Advogato: The first questions that I have are about free software. TeX was one of the first big projects that was released as free software and had a major impact. These days, of course, it's a big deal. But I think when TeX came out it was just something you did, right?

Prof. Knuth: I saw that the whole business of typesetting was being held back by proprietary interests, and I didn't need any claim to fame. I had already been successful with my books and so I didn't have to stake it all on anything. So it didn't matter to me whether or not whether I got anything financial out of it.

[Advogato:] I see.

[Knuth:] There were people who saw that there was a need for such software, but each one thought that they were going to lock everyone into their system. And pretty much there would be no progress. They wouldn't explain to people what they were doing. They would have people using their thing; they couldn't switch to another, and they couldn't get another person to do the typesetting for them. The fonts would be only available for one, and so on.

But I was thinking about FORTRAN actually, the situation in programming in the '50s, when IBM didn't make FORTRAN an IBM-only thing. So it became a lingua franca. It was implemented on all different machines. And I figured this was such a new subject that whatever I came up with probably wouldn't be the best possible solution. It would be more like FORTRAN, which was the first fairly good solution [chuckle]. But it would be better if it was available to everybody than if there were all kinds of things that people were keeping only on one machine.
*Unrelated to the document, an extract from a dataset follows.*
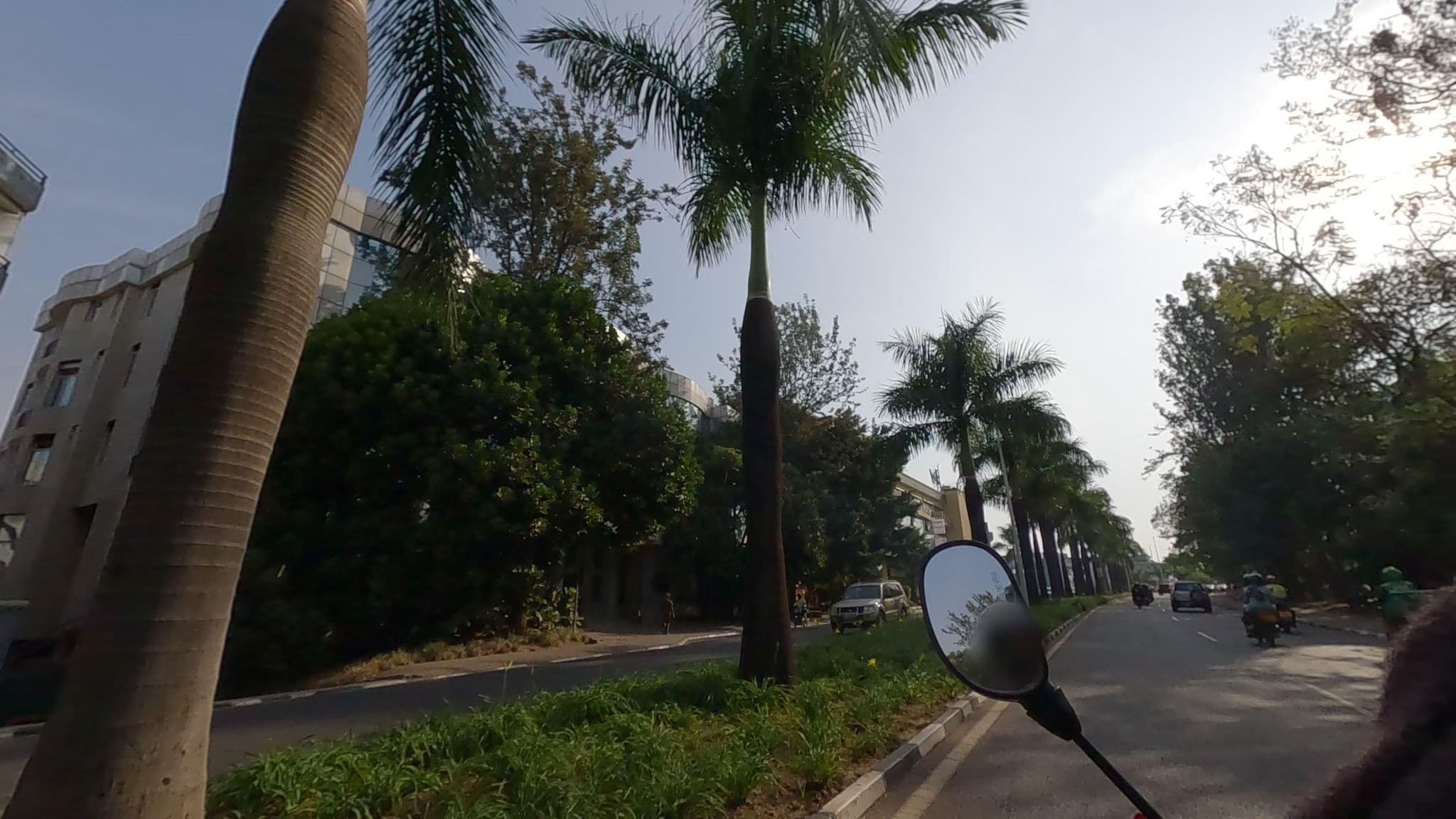 Street view near The Mirror Hotel, Kigali — © kingvik (CC BY-SA · Mapillary)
So that was part of the thinking. But partly that if I hadn't already been successful with my books, and this was my big thing, I probably would not have said, "well, let's give it away." But since I was doing it really for the love it and I didn't have a stake in it where I needed it, I was much more concerned with the idea that it should be usable by everybody. It's partly also that I come out of traditional mathematics where we prove things, but we don't charge people for using what we prove.

So this idea of getting paid for something over and over again, well, in books that seems to happen. You write a book and then the more copies you sell the more you get, even though you only have to write the book once. And software was a little bit like that.

Leslie Lamport, creator of LaTeX, from this interview (republished in TUGboat):

GMZ: Was this always meant to be “free software”? Did you ever try to “get rich” with it? Do you regret that you didn’t?

LL: At the time, it never really occurred to me that people would pay money for software. I certainly didn’t think that people would pay money for a book about software. Fortunately, Peter Gordon at Addison-Wesley convinced me to turn the LaTeX manual into a book. In retrospect, I think I made more money by giving the software away and selling the book than I would have by trying to sell the software. I don’t think TeX and LaTeX would have become popular had they not been free. Indeed, I think most users would have been happier with Scribe. Had Scribe been free and had it continued to be supported, I suspect it would have won out over TeX. On the other hand, I think it would have been supplanted more quickly by Word than TeX has been.


One of the more coherent and influential documents advocating free software was Richard Stallman's GNU Manifesto written in 1985, revised 1987.

TeX and LaTeX come from around the same time (TeX in its present form from 1982, LaTeX from around 85 and latex2e from 1993). LaTeX isn't GPL and we probably don't make the same black and white moral/amoral classifications as Richard Stallman does, but anyway the Manifesto is a good read and a good introduction to why one might write software and give people freedom to modify it as they wish.


TeX and Metafont are academic works indirectly paid by Knuth's employer as part of his normal work, and Knuth needed these tools to produce his academic books and articles.. (His standards are just much higher than for most of the rest of us).

The academic tradition is that you share your stuff, to help your peers achieve even more. Knuth explicitly put TeX in the public domain to make this as easy as possible. The academic community has adopted this (typically in the LaTeX dialect) because nothing is better for writing advanced mathematics and as they know what you can achieve when you work together the ecosystem has continued the "stuff is available for free"-model because most people has a job already and they need this to do their job, so sharing freely is the model that works the best.

Note that commercial distributions of TeX have existed but with the proliferation of high quality Linux distributions with the necessary packages this is getting quite rare.

In other words, it started free and it works the best for the intended audience, so there is not much to commercialize.